Se ha dicho que la CFE desprecia la energía llamada limpia, es decir, sin gases ni partículas contaminantes, pero se oculta neciamente que la empresa estatal sigue siendo la mayor generadora de esa clase de energía: hidroeléctrica, geotérmica y nuclear.

Desde un principio, el neoliberalismo mexicano se expandió en medio de la corrupción porque el viraje programático se dio sin ruptura política, es decir, dentro del viejo Estado corrupto. Por eso, las izquierdas, al exigir democracia y rechazar la política económica, también denunciaban la corrupción. Ese fue el movimiento encabezado por Cuauhtémoc Cárdenas en 1988 y la misma plataforma básica de 2018 con López Obrador.

En México, las privatizaciones no se hicieron igual que en Gran Bretaña, sino que se aplicó la tecnología de Margaret Thatcher, pero con mordidas y favoritismos. En la venta de Telmex, por ejemplo, pudieron comprarse acciones a crédito al tiempo de que con el 5.5% del capital social fue suficiente para tomar el control total de la compañía. ¡Qué fácil! Así, cualquiera. La cuestión consistía en ser comprador designado. Un monopolio estatal se convirtió en un monopolio privado, pero en nombre del mercado libre.
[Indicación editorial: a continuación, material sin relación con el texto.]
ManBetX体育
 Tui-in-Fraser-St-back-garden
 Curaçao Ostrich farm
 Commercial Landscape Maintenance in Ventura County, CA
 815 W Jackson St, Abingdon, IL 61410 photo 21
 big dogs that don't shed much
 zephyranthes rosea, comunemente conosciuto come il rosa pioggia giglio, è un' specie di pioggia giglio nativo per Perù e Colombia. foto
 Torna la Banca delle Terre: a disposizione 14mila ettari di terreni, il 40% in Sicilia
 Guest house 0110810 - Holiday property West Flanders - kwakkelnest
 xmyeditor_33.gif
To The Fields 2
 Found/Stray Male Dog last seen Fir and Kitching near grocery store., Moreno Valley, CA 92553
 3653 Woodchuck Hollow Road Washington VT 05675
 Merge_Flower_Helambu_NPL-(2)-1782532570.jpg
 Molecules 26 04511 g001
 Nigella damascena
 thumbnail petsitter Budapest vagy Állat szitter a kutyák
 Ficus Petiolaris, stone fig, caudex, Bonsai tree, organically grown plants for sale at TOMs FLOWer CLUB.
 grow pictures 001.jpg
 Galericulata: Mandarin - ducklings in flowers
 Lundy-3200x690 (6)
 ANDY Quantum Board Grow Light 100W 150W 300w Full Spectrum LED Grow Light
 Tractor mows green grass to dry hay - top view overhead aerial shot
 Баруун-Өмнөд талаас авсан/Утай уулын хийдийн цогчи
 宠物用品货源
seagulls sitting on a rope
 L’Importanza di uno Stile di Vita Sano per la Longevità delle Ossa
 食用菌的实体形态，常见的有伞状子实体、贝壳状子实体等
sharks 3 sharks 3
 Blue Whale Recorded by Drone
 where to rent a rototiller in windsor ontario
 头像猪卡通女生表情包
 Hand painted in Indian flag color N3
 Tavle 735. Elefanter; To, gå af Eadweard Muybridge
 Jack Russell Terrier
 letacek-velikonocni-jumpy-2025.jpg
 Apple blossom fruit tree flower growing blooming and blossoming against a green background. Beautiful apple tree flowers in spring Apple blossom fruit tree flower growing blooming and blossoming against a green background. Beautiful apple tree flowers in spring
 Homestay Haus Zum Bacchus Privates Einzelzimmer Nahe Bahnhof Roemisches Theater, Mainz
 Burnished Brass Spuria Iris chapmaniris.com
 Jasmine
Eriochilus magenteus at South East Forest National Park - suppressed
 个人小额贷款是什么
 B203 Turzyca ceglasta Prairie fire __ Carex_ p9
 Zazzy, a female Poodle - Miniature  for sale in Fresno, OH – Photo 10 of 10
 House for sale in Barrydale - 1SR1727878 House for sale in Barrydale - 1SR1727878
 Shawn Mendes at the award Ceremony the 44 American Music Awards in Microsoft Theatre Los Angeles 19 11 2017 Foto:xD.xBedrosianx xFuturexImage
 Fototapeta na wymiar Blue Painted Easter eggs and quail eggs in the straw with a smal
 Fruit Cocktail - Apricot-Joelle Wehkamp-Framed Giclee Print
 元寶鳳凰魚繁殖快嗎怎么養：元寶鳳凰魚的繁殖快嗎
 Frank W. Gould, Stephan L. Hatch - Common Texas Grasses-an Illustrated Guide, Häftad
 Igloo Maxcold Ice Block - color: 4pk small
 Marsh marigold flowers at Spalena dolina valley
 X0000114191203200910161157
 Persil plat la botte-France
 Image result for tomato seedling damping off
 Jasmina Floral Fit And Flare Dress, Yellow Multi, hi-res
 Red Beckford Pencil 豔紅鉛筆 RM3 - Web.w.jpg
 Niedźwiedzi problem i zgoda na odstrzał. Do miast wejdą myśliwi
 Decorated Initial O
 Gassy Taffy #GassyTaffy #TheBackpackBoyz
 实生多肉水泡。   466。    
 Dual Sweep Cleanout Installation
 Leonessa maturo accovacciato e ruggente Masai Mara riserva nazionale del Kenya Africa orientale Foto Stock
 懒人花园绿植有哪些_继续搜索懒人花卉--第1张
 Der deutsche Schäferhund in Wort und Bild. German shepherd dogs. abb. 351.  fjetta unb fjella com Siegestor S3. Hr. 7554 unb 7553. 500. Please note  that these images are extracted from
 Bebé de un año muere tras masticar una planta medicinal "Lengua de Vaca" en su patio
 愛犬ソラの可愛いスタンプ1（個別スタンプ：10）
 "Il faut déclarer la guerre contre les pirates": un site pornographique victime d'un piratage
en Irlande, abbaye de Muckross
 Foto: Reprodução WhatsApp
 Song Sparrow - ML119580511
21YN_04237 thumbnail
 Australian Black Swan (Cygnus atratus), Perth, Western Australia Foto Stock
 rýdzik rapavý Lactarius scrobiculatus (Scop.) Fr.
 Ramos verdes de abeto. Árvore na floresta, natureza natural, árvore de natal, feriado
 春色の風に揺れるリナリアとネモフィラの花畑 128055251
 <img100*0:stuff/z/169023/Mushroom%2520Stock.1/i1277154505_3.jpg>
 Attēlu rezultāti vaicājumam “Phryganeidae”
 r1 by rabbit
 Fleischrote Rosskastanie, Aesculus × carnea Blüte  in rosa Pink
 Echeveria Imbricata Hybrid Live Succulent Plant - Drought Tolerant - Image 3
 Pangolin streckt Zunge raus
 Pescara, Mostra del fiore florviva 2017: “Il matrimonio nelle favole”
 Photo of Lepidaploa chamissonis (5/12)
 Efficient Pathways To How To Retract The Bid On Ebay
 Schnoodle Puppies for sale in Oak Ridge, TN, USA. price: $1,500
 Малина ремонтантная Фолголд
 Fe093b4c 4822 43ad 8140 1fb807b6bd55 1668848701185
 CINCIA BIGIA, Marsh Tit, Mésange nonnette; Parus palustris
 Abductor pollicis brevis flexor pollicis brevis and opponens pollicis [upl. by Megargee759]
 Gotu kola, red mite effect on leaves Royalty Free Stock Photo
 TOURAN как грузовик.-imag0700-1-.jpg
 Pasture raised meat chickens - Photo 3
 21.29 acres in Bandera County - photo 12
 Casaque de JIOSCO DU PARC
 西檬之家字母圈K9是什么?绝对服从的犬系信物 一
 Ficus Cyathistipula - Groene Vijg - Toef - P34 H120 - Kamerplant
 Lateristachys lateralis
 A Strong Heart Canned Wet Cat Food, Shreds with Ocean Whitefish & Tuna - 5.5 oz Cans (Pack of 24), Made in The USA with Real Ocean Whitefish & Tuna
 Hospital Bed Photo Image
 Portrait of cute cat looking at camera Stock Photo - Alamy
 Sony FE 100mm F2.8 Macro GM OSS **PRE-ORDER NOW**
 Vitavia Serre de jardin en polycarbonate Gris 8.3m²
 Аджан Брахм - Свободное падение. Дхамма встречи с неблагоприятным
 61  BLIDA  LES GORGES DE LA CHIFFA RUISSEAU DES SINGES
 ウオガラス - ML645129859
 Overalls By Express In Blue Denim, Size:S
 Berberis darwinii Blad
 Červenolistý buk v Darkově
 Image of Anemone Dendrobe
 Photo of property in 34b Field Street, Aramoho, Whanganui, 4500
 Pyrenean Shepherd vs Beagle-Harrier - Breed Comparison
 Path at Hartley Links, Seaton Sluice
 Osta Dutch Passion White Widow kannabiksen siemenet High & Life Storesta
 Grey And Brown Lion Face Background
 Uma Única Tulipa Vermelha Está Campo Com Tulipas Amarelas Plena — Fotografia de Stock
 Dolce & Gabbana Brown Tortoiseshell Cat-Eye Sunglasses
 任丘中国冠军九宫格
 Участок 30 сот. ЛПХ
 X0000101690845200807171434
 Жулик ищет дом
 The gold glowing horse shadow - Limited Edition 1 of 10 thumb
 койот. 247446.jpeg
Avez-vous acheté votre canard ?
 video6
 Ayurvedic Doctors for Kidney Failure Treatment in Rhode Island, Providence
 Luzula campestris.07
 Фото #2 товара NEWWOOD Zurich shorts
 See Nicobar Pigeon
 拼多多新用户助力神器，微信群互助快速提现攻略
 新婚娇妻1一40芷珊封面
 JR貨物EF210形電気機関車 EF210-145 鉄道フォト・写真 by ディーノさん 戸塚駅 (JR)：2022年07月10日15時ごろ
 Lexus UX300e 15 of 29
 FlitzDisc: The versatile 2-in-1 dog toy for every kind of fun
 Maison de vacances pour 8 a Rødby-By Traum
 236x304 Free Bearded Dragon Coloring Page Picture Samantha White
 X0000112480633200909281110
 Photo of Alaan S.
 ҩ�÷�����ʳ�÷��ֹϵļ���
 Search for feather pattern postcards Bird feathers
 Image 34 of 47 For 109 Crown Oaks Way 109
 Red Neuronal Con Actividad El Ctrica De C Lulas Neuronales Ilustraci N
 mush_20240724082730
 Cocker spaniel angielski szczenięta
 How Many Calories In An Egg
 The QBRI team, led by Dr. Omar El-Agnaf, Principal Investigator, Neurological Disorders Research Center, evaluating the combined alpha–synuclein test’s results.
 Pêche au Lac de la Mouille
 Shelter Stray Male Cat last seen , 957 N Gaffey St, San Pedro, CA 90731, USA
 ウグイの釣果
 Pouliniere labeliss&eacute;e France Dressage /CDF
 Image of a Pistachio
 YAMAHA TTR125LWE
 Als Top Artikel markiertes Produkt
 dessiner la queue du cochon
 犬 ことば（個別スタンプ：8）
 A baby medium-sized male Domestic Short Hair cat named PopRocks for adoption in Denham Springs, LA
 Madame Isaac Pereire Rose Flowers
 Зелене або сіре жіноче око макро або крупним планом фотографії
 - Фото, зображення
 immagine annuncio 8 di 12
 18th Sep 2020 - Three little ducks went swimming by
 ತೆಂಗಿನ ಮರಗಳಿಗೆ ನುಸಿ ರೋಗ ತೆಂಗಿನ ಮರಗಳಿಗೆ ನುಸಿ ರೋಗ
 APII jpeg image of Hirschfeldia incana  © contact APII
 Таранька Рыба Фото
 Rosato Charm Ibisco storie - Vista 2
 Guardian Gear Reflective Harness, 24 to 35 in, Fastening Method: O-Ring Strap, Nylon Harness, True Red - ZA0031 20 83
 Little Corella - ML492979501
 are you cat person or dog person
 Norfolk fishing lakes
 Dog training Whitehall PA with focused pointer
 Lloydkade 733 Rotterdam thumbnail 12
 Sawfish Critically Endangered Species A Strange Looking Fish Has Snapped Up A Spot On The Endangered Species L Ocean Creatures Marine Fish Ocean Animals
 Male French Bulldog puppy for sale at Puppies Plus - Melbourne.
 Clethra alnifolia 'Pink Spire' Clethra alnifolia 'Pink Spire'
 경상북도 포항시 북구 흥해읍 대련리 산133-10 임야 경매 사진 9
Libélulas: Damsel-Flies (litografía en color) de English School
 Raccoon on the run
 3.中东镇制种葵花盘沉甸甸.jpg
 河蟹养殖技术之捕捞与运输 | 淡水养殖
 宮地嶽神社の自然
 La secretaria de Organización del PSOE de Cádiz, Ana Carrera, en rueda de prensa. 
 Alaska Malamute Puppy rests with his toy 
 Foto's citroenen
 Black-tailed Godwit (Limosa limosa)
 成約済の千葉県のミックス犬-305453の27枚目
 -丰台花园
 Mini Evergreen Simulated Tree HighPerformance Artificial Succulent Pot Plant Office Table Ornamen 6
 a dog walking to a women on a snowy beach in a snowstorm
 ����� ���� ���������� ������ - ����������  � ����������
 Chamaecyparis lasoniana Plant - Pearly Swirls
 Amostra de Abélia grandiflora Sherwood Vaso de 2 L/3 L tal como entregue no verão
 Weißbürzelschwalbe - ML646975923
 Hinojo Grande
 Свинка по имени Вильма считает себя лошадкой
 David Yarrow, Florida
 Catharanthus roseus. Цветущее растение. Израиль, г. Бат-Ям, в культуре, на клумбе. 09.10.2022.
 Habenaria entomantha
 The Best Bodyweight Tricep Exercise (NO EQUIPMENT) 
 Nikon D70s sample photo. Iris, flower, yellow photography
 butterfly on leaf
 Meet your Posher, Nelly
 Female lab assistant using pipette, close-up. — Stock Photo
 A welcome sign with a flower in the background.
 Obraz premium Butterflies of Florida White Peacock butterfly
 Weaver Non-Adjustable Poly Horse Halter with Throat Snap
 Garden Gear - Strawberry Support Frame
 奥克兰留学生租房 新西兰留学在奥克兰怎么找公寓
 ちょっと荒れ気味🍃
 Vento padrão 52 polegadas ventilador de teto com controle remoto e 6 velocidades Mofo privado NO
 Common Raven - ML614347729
Así fue.

Además, la modernización de la industria eléctrica mexicana se dejó en su mayor parte a empresas extranjeras, pero sobre la base de otorgarles un trato privilegiado en detrimento de la CFE, con el propósito de irla achicando por decreto, tal como el plan contra Pemex.

Empezar a revertir esa situación es lo que se busca con la reforma de la ley de la industria eléctrica que ha propuesto el presidente de la República. Ya se había tardado un poco.

Odios y diálogos

Desde la oposición, la tesis de la temporada parlamentaria en curso consiste en que la 4T tiene odio y el PAN busca el diálogo. Aunque no ha quedado claro contra qué o quiénes es el odio y qué temas y propuestas debe contener el diálogo, se entiende que es, una vez más, el esquema del mal y el bien, los elementos de la visión dicotómica de la historia y de la vida personal.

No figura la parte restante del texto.